Configure Jupyter Notebook for Spark 2.1.0 and Python

Contributed by

9 min read

I'll guess that many people reading this have spend time wrestling with configuration to get Python and Spark to play nicely. Having gone through the process myself, I've documented my steps and share the knowledge, hoping it will save some time and frustration for some of you.

This article targets the latest releases of MapR 5.2.1 and the MEP 3.0 version of Spark 2.1.0. It should work equally well for earlier releases of MapR 5.0 and 5.1. In fact, I've tested this to work with MapR 5.0 with MEP 1.1.2 (Spark 1.6.1) for a customer.

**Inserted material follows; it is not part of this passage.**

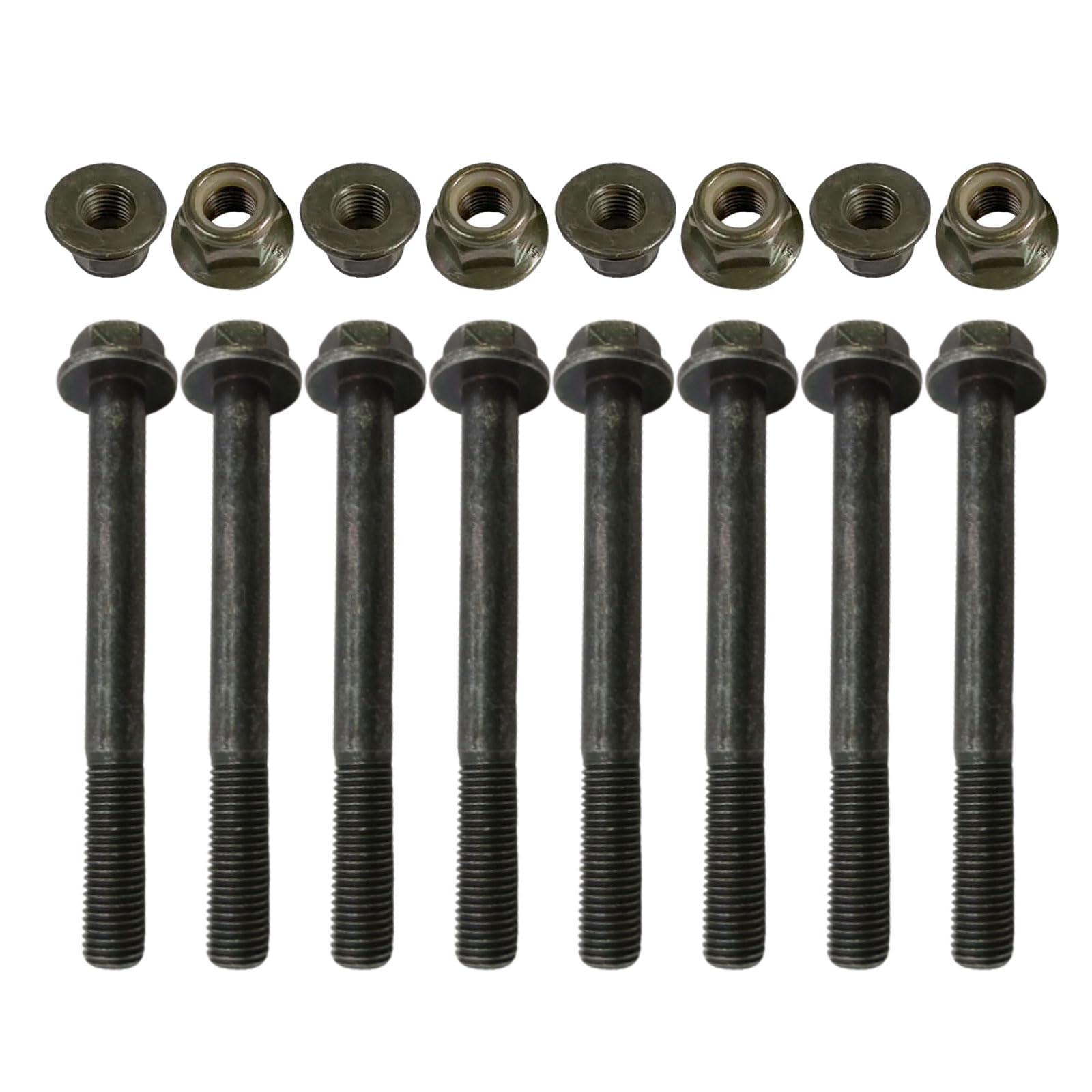 16PCS 7518560 7547333 Control A-Arm Screw Bolt with Nut Set Fits for Polaris for Sportsman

The version of Jupyter is 4.3. It seems like it changed quite a bit since the earlier versions and so most of the information I found in blogs were pretty outdated. Hence having so much trouble getting everything working to my satisfaction.

My goals:

  • Running PySpark successfully from either a cluster node or an edge node
  • Running python code in YARN distributed mode
  • Have access to modules like numpy, scipy, pandas and others.
  • Do all this using Jupyter in server mode that I access from my own laptop

I'm leaving out Jupyter server mode security, which could be the topic of a future blog, potentially. I've implemented it before and found THE JUPYTER DOCUMENTATION to explain setting it up for encryption (HTTPS) and authentication to be pretty good.

Installing Python

Verify your version of Python:

python --version

If it's Python 2.6.X, it's probably a good idea to use a recent build of Python 2.7 If it's Python 2.7.X, then you'll need to choose to use the system python or not.

  • System python is easier to make work, it's already there and shared everywhere.
  • Isolated separate python (anaconda or a separate python) is harder to get working but will provide a more consistent environment where each user can have their own (and only their own) modules installed.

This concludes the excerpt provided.